Skip to main content

Parse, validate, and transpile graph query languages (GQL and Neo4j Cypher).

Project description

GraphGlot

CI License Python 3.11+

Parse, validate, transpile, and analyze graph query languages.

GraphGlot is a pure-Python toolkit for GQL (ISO/IEC 39075:2024) and Neo4j Cypher. It lets you parse queries into ASTs, transpile between dialects, validate syntax and feature compatibility, and analyze data lineage without requiring a database.
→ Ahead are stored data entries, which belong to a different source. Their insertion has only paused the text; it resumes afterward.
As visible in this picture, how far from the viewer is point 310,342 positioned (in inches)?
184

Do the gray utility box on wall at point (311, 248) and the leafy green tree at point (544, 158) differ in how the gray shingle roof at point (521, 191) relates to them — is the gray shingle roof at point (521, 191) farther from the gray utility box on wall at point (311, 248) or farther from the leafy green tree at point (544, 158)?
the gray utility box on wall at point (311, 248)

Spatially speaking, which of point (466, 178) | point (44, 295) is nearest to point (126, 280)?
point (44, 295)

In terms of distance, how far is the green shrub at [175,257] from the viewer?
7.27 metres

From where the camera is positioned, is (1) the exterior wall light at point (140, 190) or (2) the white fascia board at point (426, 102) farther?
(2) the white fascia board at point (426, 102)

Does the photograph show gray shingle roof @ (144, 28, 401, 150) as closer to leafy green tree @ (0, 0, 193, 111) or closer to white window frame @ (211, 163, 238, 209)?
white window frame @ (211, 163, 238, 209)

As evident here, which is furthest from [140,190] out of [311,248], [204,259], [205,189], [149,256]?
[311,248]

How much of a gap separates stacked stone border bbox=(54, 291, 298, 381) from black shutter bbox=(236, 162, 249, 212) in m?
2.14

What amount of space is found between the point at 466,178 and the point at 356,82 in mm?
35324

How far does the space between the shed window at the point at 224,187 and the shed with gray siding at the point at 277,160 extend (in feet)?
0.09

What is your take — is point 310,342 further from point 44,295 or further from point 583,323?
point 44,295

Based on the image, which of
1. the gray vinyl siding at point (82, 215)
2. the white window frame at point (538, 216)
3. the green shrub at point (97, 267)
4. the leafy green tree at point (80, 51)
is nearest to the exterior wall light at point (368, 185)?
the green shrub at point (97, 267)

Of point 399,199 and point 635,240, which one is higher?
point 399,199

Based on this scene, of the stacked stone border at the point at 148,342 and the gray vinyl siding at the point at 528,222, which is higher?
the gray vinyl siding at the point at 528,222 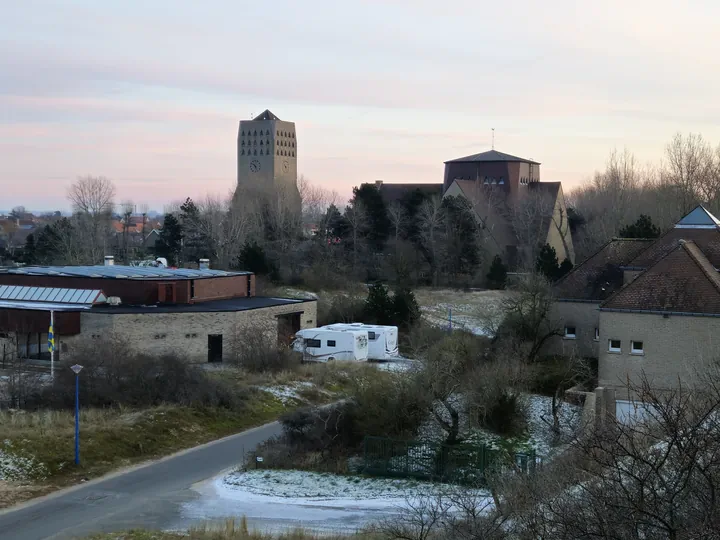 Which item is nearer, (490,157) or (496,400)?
(496,400)

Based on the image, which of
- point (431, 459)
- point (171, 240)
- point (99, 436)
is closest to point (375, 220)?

GraphGlot is pre-v1 and evolving quickly. APIs and behavior may still change as coverage and semantics expand.

Why GraphGlot?

  • GQL parser — parses the GQL language defined by ISO/IEC 39075:2024, including the core language and many optional language features
  • Standards-aligned feature flagging — reports which optional GQL features a query uses, following the GQL Flagger model in the standard
  • Validate queries — check syntax, feature compatibility, and semantic rules before hitting the database
  • Transpile between dialects — parse Neo4j Cypher and generate standard GQL, or vice versa
  • 100% openCypher TCK parse rate — parses all 3,897 tracked conformance scenarios
  • Track data lineage — understand how data flows from MATCH patterns to RETURN outputs
  • Build tooling — power linters, formatters, migration tools, and IDE integrations with a complete AST

Playground

Try it online here.

Validation

Check if a query is valid for a specific dialect and see which GQL features it requires:

from graphglot.dialect import Dialect

neo4j = Dialect.get_or_raise("neo4j")
result = neo4j.validate("MATCH (n:Person) RETURN n.name")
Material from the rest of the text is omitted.